Closed tloubrieu-jpl closed 10 months ago
I would consider changing the priority for this ticket https://github.com/NASA-PDS/doi-service/issues/8 to implement the deactivation of a DOI.
The other options I looked at, but dismissed are:
Question for @alexdunnjpl and @collinss-jpl , if we assign a 'deactivated' status at a DOI in a local doi.db sqllite database, it is not going to be overwritten by the synchronization happening daily because the record at DataCite has not been updated. Is that correct ?
@tloubrieu-jpl hard to say - I'd need to test it out to be sure but based on my memory of how it's supposed to work, that seems plausible.
@tloubrieu-jpl will check the gamma deployment to see why this dois are sent in the report and "remove" them by changing their status.
@rsjoyner @c-suh @jordanpadams I confirm the dois Ron is seeing in his daily reports come from pdscloud-gamma where their status is 'review' (instead of 'findable' in production)
3 questions so far:
1) I am seeing that on pds-gamma we are daily synchronizing all the DOI from the production prefix "10.17189" with a command in crontab. With a naive view (where I forgot everything I've done in the past with the DOI service), it sounds weird that we are importing production records in a test database. Can you tell me again why we do that ? Or if we should not ?
2) I don't understand why the status is 'review' in the local gamma database whereas it is findable in the datacite system.

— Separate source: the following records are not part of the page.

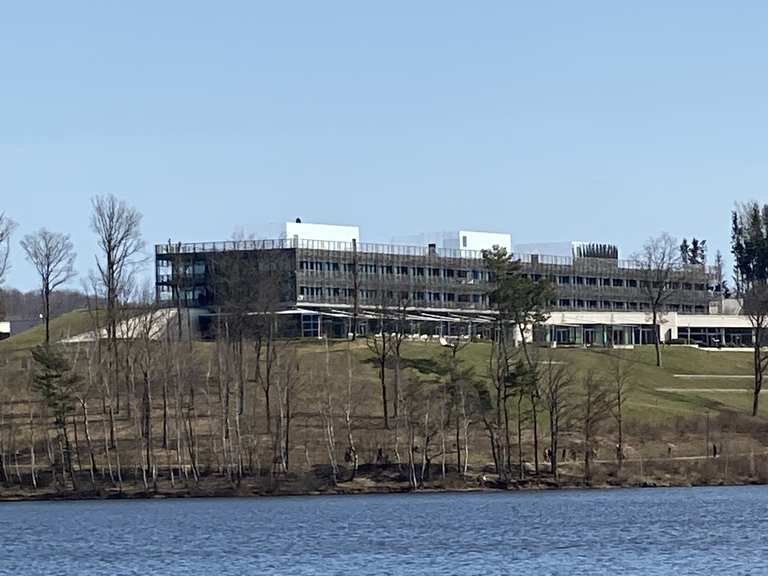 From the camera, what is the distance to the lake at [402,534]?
197 ft

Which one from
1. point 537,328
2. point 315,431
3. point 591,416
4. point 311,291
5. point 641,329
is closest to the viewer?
point 591,416

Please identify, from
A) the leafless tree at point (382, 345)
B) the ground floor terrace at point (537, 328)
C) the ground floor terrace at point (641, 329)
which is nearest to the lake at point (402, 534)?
the leafless tree at point (382, 345)

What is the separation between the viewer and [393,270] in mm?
176500

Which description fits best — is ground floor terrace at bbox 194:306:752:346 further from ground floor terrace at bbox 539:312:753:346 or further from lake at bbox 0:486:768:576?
lake at bbox 0:486:768:576

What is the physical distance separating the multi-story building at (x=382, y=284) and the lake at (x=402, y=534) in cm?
4832

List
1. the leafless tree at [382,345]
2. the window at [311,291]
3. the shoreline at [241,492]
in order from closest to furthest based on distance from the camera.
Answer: the shoreline at [241,492] → the leafless tree at [382,345] → the window at [311,291]

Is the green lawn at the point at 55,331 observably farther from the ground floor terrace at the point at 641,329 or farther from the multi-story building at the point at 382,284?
the ground floor terrace at the point at 641,329

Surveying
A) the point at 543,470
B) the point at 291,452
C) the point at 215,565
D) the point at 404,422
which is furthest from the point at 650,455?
the point at 215,565

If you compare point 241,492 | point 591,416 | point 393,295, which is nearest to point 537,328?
point 393,295

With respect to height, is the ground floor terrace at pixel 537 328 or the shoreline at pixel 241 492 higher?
the ground floor terrace at pixel 537 328

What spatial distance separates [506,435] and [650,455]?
11.4 m

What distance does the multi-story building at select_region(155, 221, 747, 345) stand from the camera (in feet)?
518

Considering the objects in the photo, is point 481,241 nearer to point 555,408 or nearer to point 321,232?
point 321,232

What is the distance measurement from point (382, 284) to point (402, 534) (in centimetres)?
8857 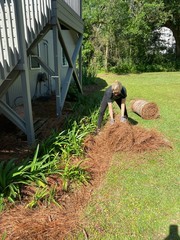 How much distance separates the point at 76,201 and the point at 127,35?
17930 mm

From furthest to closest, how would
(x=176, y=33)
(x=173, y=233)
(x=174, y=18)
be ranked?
(x=176, y=33) < (x=174, y=18) < (x=173, y=233)

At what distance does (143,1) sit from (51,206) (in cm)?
1831

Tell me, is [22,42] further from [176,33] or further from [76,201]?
[176,33]

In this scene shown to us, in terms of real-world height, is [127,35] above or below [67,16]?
above

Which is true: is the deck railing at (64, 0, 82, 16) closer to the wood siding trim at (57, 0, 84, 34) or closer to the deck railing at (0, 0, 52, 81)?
the wood siding trim at (57, 0, 84, 34)

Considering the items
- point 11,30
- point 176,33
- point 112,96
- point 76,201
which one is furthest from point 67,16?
point 176,33

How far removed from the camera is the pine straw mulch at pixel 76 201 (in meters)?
2.29

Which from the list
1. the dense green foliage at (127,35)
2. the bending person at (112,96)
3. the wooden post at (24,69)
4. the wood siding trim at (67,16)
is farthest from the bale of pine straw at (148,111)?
the dense green foliage at (127,35)

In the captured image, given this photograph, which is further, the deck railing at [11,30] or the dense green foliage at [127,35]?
the dense green foliage at [127,35]

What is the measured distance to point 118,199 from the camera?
9.52ft

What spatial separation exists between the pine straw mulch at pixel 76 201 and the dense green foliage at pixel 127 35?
1035 cm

3) I tried to update the status of the record with command but that was not successful because the gamma deployment is only authorized to work with the test dataCite prefix. That is what I am guessing.
$ pds-doi-cmd release -i /data/home/pds4/pds-doi-service/transaction_history/eng/10.17189/n0dm-0014/2022-07-29T00\:43\:45.273306+00\:00/output.json --no-review --submitter loubrieu@jpl.nasa.gov
INFO pds_doi_service.core.util.logging:_get_config Searching for configuration files from candidates ['/data/home/pds4/pds-doi-service/lib/python3.9/site-packages/pds_doi_service/core/util/conf.default.ini', '/data/home/pds4/pds-doi-service/pds_doi_service.ini']
INFO pds_doi_service.core.util.logging:_get_config Using configs (with later files overwriting previous files' values): ['/data/home/pds4/pds-doi-service/lib/python3.9/site-packages/pds_doi_service/core/util/conf.default.ini', '/data/home/pds4/pds-doi-service/pds_doi_service.ini']
INFO pds_doi_service.core.cmd.pds_doi_cmd:main run_dir /data/home/pds4
INFO pds_doi_service.core.input.input_util:_read_from_path Reading local file path /data/home/pds4/pds-doi-service/transaction_history/eng/10.17189/n0dm-0014/2022-07-29T00:43:45.273306+00:00/output.json
INFO pds_doi_service.core.input.input_util:parse_json_file Parsing json file output.json
INFO pds_doi_service.core.outputs.datacite.datacite_web_parser:parse_dois_from_label Parsing record index 0
WARNING pds_doi_service.core.outputs.datacite.datacite_web_parser:parse_dois_from_label Record 0: Could not parse optional field "rights_list"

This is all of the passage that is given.